# [PROBLEM TO SOLVE]
In this exercise, every entry below is to be reproduced word for word.

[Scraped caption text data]
####################

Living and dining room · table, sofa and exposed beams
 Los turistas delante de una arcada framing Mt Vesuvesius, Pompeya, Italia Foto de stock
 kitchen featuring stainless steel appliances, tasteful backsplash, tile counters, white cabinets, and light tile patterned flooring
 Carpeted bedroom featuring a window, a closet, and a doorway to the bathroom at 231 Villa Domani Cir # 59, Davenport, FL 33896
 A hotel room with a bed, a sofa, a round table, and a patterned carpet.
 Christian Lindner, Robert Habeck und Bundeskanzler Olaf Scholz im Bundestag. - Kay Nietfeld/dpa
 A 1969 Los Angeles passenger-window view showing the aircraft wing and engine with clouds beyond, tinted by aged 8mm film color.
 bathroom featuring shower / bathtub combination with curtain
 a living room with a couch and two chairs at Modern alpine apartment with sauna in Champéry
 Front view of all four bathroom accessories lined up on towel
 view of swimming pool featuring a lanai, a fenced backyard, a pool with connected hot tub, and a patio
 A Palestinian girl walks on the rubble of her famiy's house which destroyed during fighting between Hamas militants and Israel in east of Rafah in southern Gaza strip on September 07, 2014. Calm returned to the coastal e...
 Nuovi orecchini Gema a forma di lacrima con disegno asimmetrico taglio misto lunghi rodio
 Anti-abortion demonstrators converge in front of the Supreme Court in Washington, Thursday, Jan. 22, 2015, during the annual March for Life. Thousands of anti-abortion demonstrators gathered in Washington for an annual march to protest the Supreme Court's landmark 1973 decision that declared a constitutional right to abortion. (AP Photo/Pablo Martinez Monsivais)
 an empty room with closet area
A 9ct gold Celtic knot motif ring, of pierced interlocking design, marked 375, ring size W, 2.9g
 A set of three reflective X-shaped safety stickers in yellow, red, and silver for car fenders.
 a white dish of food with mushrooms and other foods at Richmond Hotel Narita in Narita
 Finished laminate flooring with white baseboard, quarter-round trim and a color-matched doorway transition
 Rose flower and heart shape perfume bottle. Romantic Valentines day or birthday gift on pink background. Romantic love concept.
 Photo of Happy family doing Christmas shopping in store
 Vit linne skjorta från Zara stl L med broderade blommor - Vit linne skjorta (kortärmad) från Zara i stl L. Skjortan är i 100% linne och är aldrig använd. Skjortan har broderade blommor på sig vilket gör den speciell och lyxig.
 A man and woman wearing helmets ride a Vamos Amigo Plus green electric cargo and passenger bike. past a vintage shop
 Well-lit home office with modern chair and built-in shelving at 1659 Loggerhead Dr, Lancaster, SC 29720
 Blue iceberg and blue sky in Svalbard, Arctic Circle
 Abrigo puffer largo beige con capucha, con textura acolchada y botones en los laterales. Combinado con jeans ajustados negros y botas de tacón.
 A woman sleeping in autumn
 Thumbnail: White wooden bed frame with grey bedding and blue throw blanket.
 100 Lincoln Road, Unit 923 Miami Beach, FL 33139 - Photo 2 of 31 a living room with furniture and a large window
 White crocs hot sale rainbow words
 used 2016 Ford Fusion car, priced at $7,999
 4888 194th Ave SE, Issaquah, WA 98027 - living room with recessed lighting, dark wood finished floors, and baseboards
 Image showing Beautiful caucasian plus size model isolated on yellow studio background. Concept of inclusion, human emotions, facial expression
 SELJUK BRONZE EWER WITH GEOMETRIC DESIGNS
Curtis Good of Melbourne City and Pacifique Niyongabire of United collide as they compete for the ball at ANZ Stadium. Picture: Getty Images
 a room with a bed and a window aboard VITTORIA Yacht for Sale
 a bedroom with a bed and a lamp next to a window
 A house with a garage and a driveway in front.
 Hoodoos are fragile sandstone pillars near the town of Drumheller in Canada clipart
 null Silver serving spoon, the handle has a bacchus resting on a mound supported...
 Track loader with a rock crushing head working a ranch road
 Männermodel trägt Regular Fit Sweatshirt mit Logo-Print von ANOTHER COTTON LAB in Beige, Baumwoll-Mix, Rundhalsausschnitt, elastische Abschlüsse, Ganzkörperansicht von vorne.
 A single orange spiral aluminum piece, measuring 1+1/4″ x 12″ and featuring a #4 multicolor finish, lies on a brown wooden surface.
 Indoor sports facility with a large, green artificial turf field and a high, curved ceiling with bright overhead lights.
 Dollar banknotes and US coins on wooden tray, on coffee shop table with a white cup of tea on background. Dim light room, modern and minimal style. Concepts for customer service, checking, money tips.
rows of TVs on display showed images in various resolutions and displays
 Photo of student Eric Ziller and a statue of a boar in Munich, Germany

####################

# [THE COMPLETED TASK]
Living and dining room · table, sofa and exposed beams
 Los turistas delante de una arcada framing Mt Vesuvesius, Pompeya, Italia Foto de stock
 kitchen featuring stainless steel appliances, tasteful backsplash, tile counters, white cabinets, and light tile patterned flooring
 Carpeted bedroom featuring a window, a closet, and a doorway to the bathroom at 231 Villa Domani Cir # 59, Davenport, FL 33896
 A hotel room with a bed, a sofa, a round table, and a patterned carpet.
 Christian Lindner, Robert Habeck und Bundeskanzler Olaf Scholz im Bundestag. - Kay Nietfeld/dpa
 A 1969 Los Angeles passenger-window view showing the aircraft wing and engine with clouds beyond, tinted by aged 8mm film color.
 bathroom featuring shower / bathtub combination with curtain
 a living room with a couch and two chairs at Modern alpine apartment with sauna in Champéry
 Front view of all four bathroom accessories lined up on towel
 view of swimming pool featuring a lanai, a fenced backyard, a pool with connected hot tub, and a patio
 A Palestinian girl walks on the rubble of her famiy's house which destroyed during fighting between Hamas militants and Israel in east of Rafah in southern Gaza strip on September 07, 2014. Calm returned to the coastal e...
 Nuovi orecchini Gema a forma di lacrima con disegno asimmetrico taglio misto lunghi rodio
 Anti-abortion demonstrators converge in front of the Supreme Court in Washington, Thursday, Jan. 22, 2015, during the annual March for Life. Thousands of anti-abortion demonstrators gathered in Washington for an annual march to protest the Supreme Court's landmark 1973 decision that declared a constitutional right to abortion. (AP Photo/Pablo Martinez Monsivais)
 an empty room with closet area
A 9ct gold Celtic knot motif ring, of pierced interlocking design, marked 375, ring size W, 2.9g
 A set of three reflective X-shaped safety stickers in yellow, red, and silver for car fenders.
 a white dish of food with mushrooms and other foods at Richmond Hotel Narita in Narita
 Finished laminate flooring with white baseboard, quarter-round trim and a color-matched doorway transition
 Rose flower and heart shape perfume bottle. Romantic Valentines day or birthday gift on pink background. Romantic love concept.
 Photo of Happy family doing Christmas shopping in store
 Vit linne skjorta från Zara stl L med broderade blommor - Vit linne skjorta (kortärmad) från Zara i stl L. Skjortan är i 100% linne och är aldrig använd. Skjortan har broderade blommor på sig vilket gör den speciell och lyxig.
 A man and woman wearing helmets ride a Vamos Amigo Plus green electric cargo and passenger bike. past a vintage shop
 Well-lit home office with modern chair and built-in shelving at 1659 Loggerhead Dr, Lancaster, SC 29720
 Blue iceberg and blue sky in Svalbard, Arctic Circle
 Abrigo puffer largo beige con capucha, con textura acolchada y botones en los laterales. Combinado con jeans ajustados negros y botas de tacón.
 A woman sleeping in autumn
 Thumbnail: White wooden bed frame with grey bedding and blue throw blanket.
 100 Lincoln Road, Unit 923 Miami Beach, FL 33139 - Photo 2 of 31 a living room with furniture and a large window
 White crocs hot sale rainbow words
 used 2016 Ford Fusion car, priced at $7,999
 4888 194th Ave SE, Issaquah, WA 98027 - living room with recessed lighting, dark wood finished floors, and baseboards
 Image showing Beautiful caucasian plus size model isolated on yellow studio background. Concept of inclusion, human emotions, facial expression
 SELJUK BRONZE EWER WITH GEOMETRIC DESIGNS
Curtis Good of Melbourne City and Pacifique Niyongabire of United collide as they compete for the ball at ANZ Stadium. Picture: Getty Images
 a room with a bed and a window aboard VITTORIA Yacht for Sale
 a bedroom with a bed and a lamp next to a window
 A house with a garage and a driveway in front.
 Hoodoos are fragile sandstone pillars near the town of Drumheller in Canada clipart
 null Silver serving spoon, the handle has a bacchus resting on a mound supported...
 Track loader with a rock crushing head working a ranch road
 Männermodel trägt Regular Fit Sweatshirt mit Logo-Print von ANOTHER COTTON LAB in Beige, Baumwoll-Mix, Rundhalsausschnitt, elastische Abschlüsse, Ganzkörperansicht von vorne.
 A single orange spiral aluminum piece, measuring 1+1/4″ x 12″ and featuring a #4 multicolor finish, lies on a brown wooden surface.
 Indoor sports facility with a large, green artificial turf field and a high, curved ceiling with bright overhead lights.
 Dollar banknotes and US coins on wooden tray, on coffee shop table with a white cup of tea on background. Dim light room, modern and minimal style. Concepts for customer service, checking, money tips.
rows of TVs on display showed images in various resolutions and displays
 Photo of student Eric Ziller and a statue of a boar in Munich, Germany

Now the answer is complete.